“Walk, drive and boat alongside a dizzying array of wildlife in Africa's largest conservation area”
Eleven of the 14 tents are spread out along the riverbank on a platform, with the communal lounge, bar and eating area in the middle. Contemporary in decor, they have wooden floors, thatched roofs, walled ensuite bathrooms and voile netting draped over beds. The kitsch animal-print cushions are a great touch, as are the hand-carved writing desks and there are shelves to store your kit. Electricity is provided by a solar powered generator, and is only switched on in the evenings. This is means that showers are warm (rather than hot), and we found water pressure to be an issue. All tents can be set up as singles, doubles or triples.
Outside, each tent has a private veranda with a mikuti thatch roof, table and chairs; guests can sit here and watch the animals in the Rufiji below. At dusk, a lantern is placed on the table to help light the tents; this is removed once guests are asleep.
There are also 3 Family Tents, each made up of 2 adjoining tents on a private platform, and sleeping 4-6 people.

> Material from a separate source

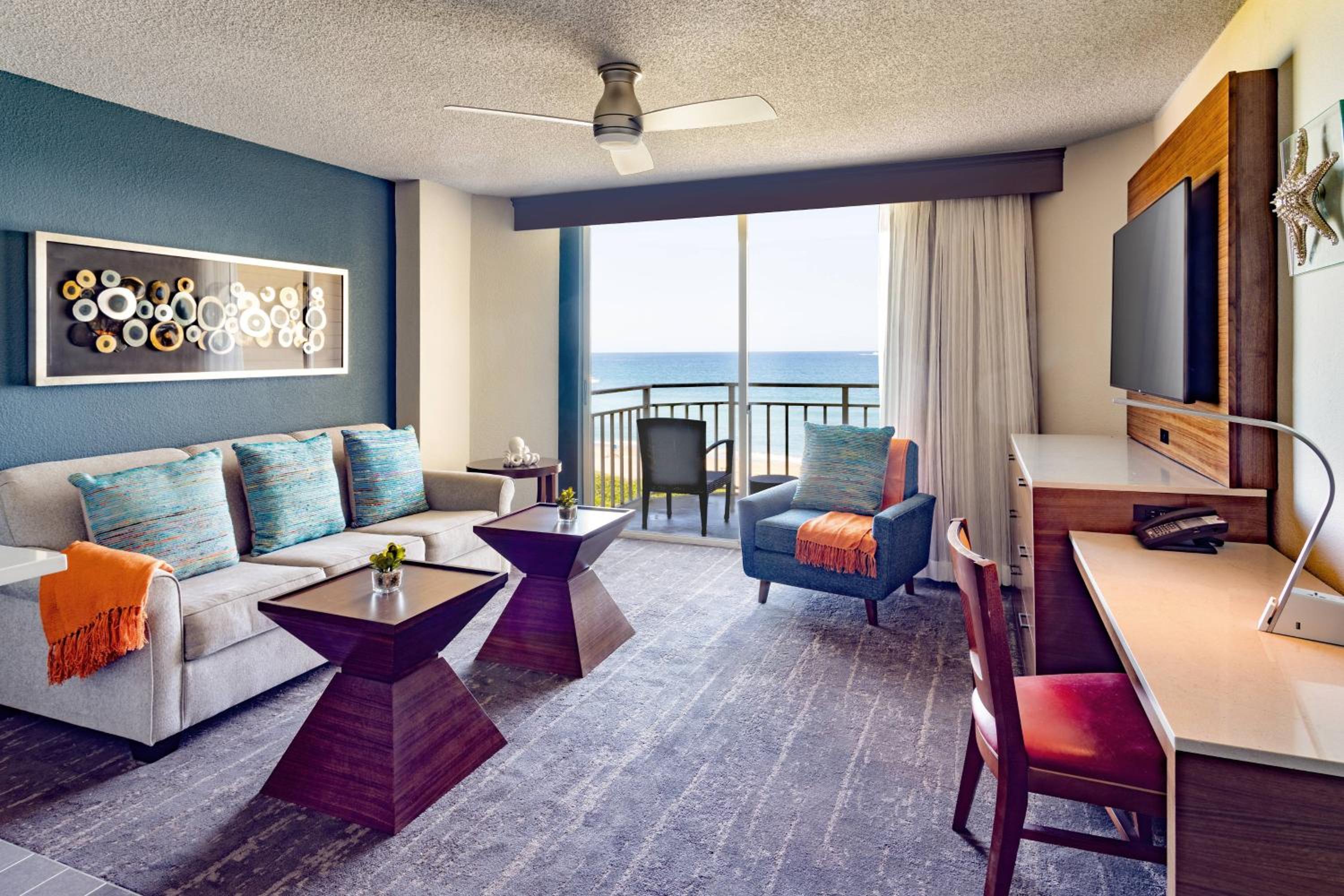 One-Bedroom King Condominium with Sofa Bed, Oceanview, Balcony (Beach Villas) - Photo 1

They're more luxurious than the basic tents, and have a snazzy bathroom and a private plunge pool with loungers on their terrace. Perfect for families, friends or those wanting a little more privacy and space, we feel these tents offer the best value.
For the ultimate back-to-nature experience, go fly camping for a night. The temporary camp is a 45-minute drive away on the shore of Lake Mzizimia, and consists of 20 simple tents. Each has fold-up cot beds with mattresses, and a table and safari chairs outside. The bathroom is shared between the group - 2 toilets and 1 shower - and soap and towels are provided. Meals are cooked on an open fire then served in a lakeside gazebo, and an armed ranger is on-hand at all times.
Expect good simple fare, although there's not a huge variety. Breakfast is a buffet consisting of hot cinnamon rolls, eggs and toast, served with coffee or tea, and juices.
Lunch is a buffet or a simple packed lunch of sandwiches, fruit and cakes if you're going out on a full day drive.
Dinners are a 3-course affair - often taken out on the terrace under the stars weather permitting. Starters are served at your table, think tempura vegetables or an onion soup with warm bread rolls. The main coursed is a buffet of various meats, pastas, curries and vegetarian dishes. Dessert was a sponge cake with chocolate sauce, a little bit bland, but we were told it’s hard to get a lot of ingredients so far out in the bush. If you're lucky, the Masai may entertain you while you eat, with singing and dancing.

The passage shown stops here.